Mermaid Song Lyrics — Aspects of Love
Mermaid Song Lyrics
I am a mermaid
With golden hair...
ALEX:
I've never seen one like you!
JENNY:
Not all us mermaids
Have silver tails --
I have no tail at all!
ALEX:
Well, I've never,
Seen any mermaids
With knobbly knees!
I'd say this tale
Was a touch too tall,
Maybe a touch too tall...
JENNY:
Sailors would smash on
My jagged rock,
Lured by my siren's song...
ALEX:
It isn't the
Song of the siren
That tortures men --
That's where your theory
Goes sadly wrong,
That's where it all goes wrong...
JENNY:
I thought you'd know better,
You know nothing
About mermaids.
ALEX: (wry)
You know nothing
About sailors...
JENNY:
I do!
Much more than you!
If you were a sailor
And heard my song,
Would you be lured by me?
ALEX:
I wouldn't be
Foolish enough to
Go near your rock --
I'd steer my galleon out to sea...
BOTH:
...Lonely and lost at sea...
Song Overview
Review and Highlights
Quick summary
- Where it sits: Act II at George's house in Pau - a short scene-song that nudges the story from polite family air to something riskier.
- Who drives it: Jenny leads, with Alex pulled into her orbit and George hovering close enough to make every line feel supervised.
- What it sounds like: A lilting, storybook swing - half lullaby, half flirtation.
- Recording footprint: On the 1989 original London cast recording, it runs about two minutes - small, sharp, and placed for maximum trouble.
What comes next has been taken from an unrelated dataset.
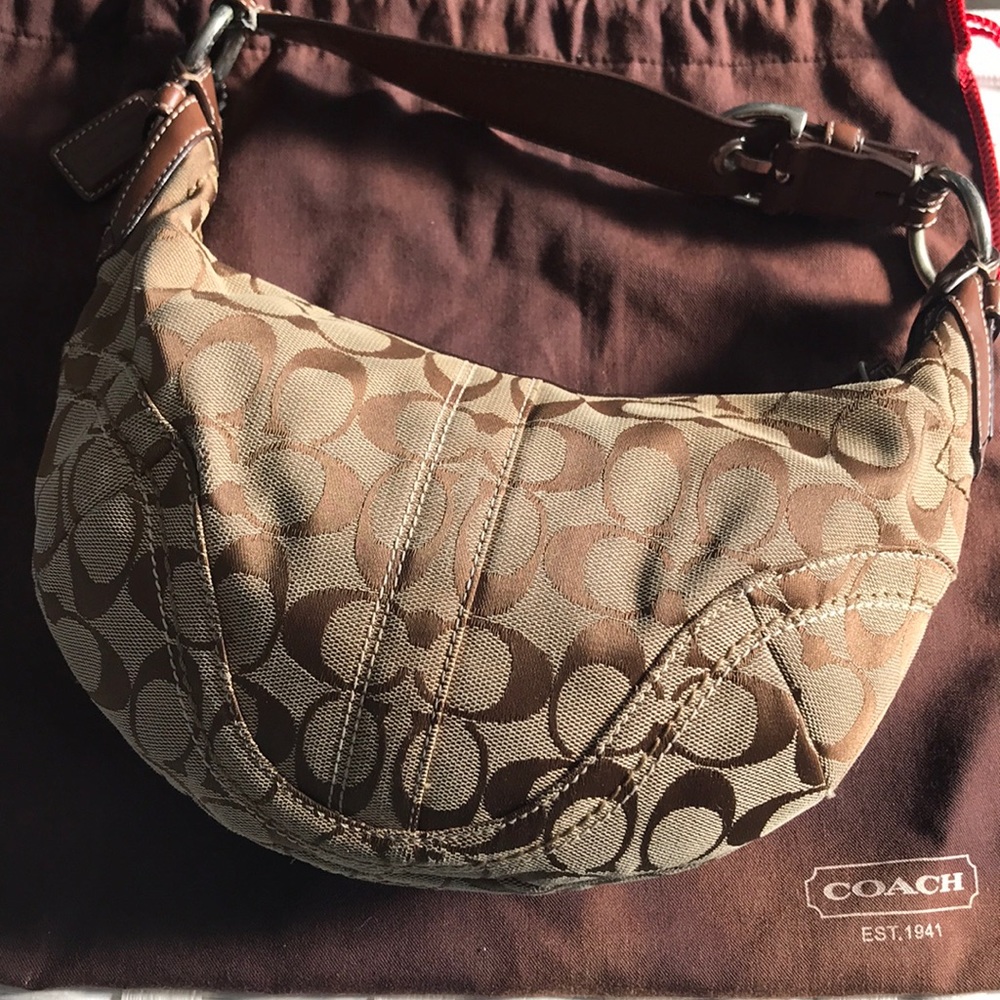 Coach purse, small but cute!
Aspects of Love (1989) - stage musical - not. Act II, at George's villa in Pau, after a family passage where conversation tries to stay civil while feelings refuse to cooperate. Cast album placement: Disc 2, Track 10 (about 2:00). Why it matters: the show lets Jenny test the room - and lets the room fail the test in slow motion.
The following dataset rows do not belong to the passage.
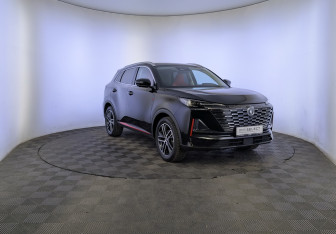 Подержанный автомобиль Changan UNI-S 2024 года (3 фото)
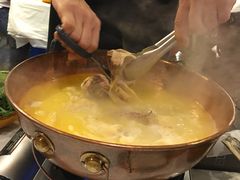 -鲜入围煮花胶鸡海鲜火锅
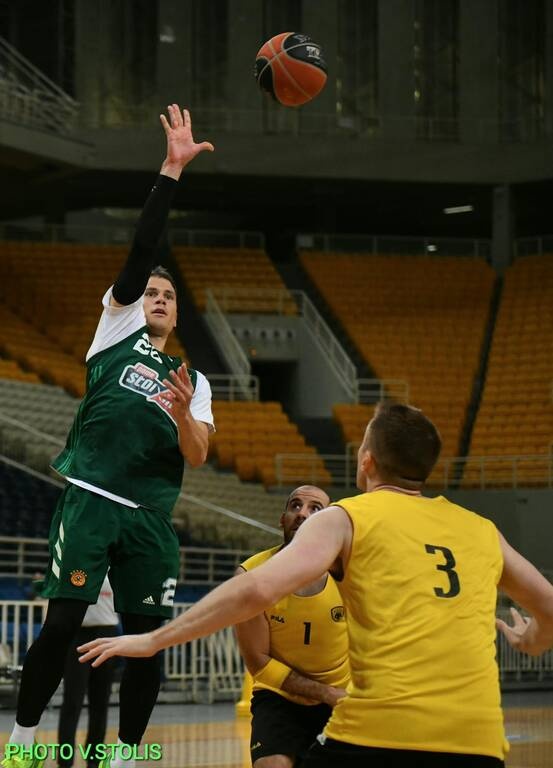 Παναθηναϊκός ΟΠΑΠ-ΑΕΚ: Εικόνες από το φιλικό - Μπατίστ και Τσαρτσαρής στο ΟΑΚΑ (pics)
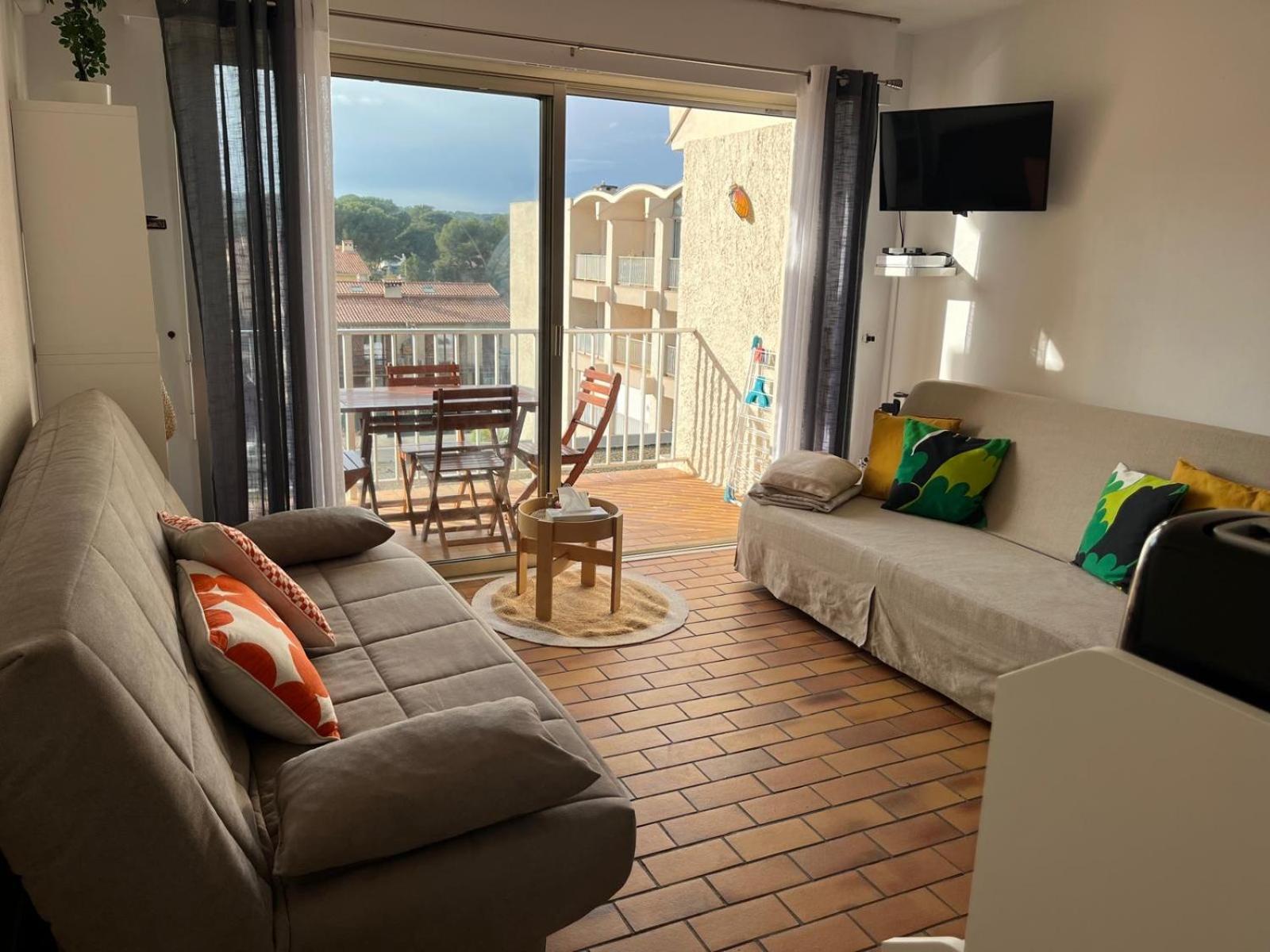 Le Brusc Au Calme Wifi Clim Terrasse Parking Apartment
It is easy to miss this number on a first pass because it is short and almost disarmingly pretty. That is the trick. Webber writes a melody that rocks like a bedtime tale, then has Jenny use it like a flashlight pointed straight at adult nerves. She is not belting a declaration - she is playing, teasing, shaping the air. The tune does the smiling; the situation does not.
Key takeaways
- Innocence as strategy: Jenny performs childlike wonder, but the subtext is older than she is.
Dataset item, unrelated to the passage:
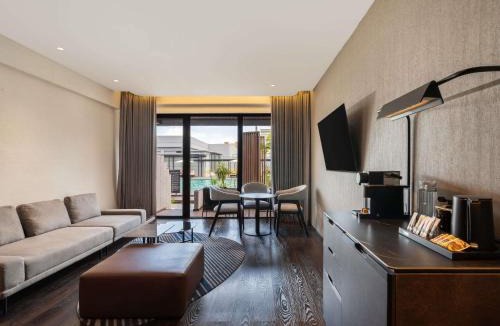 Pontianak Hotel | Novotel Pontianak Convention Centre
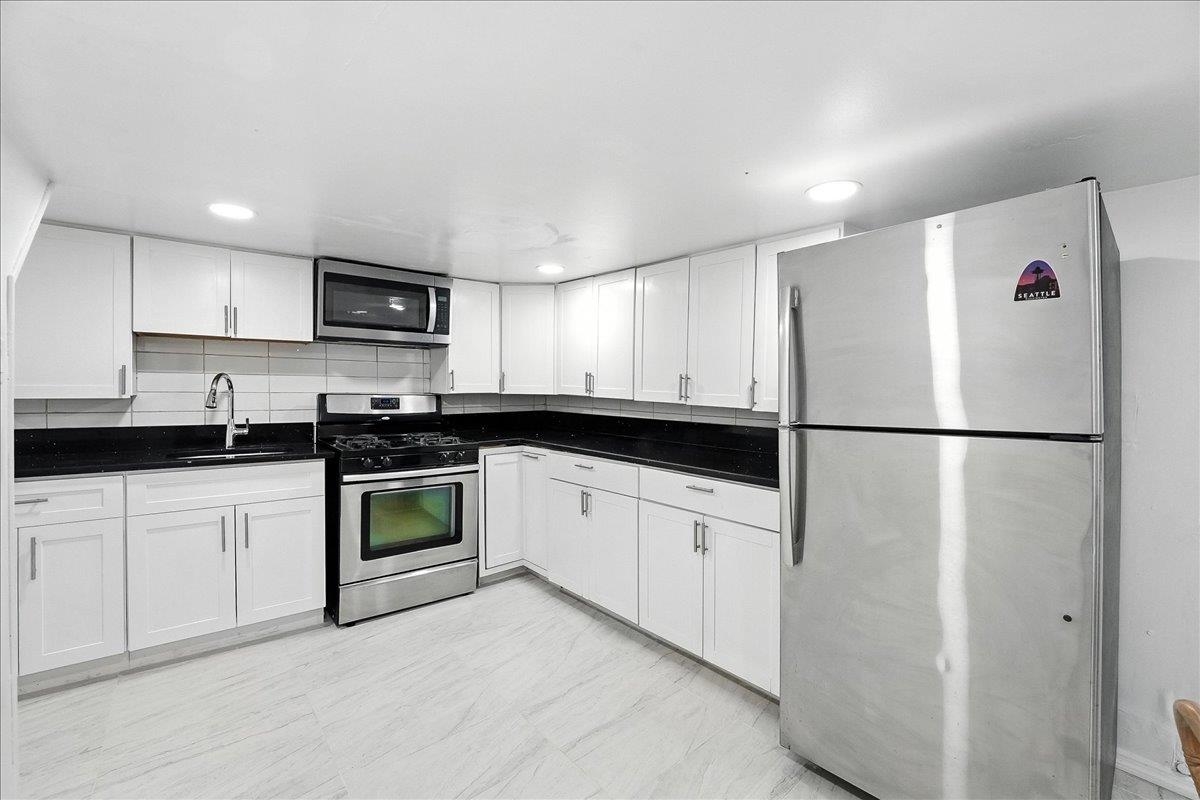 283 GRIFFITH ST - Photo 5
- A gentle rhythm with teeth: The sway softens the moment so the boundary-crossing can slip by without a loud alarm.
- Triangular tension: Alex is drawn in, George is present, and the audience is invited to feel that discomfort without a sermon.
- Scene engineering: This is a pivot point - it sets up the later confrontation about what Jenny wants and what Alex refuses to do.
Creation History
Webber wrote the music and also shaped the book of the musical, with lyrics by Don Black and Charles Hart. On the original London cast album, the number sits inside a long chain of sung-through scenes recorded with a full theatre orchestra and polished studio clarity. The result is deliberately intimate - a moment that feels like an aside, even though it is carrying plot weight.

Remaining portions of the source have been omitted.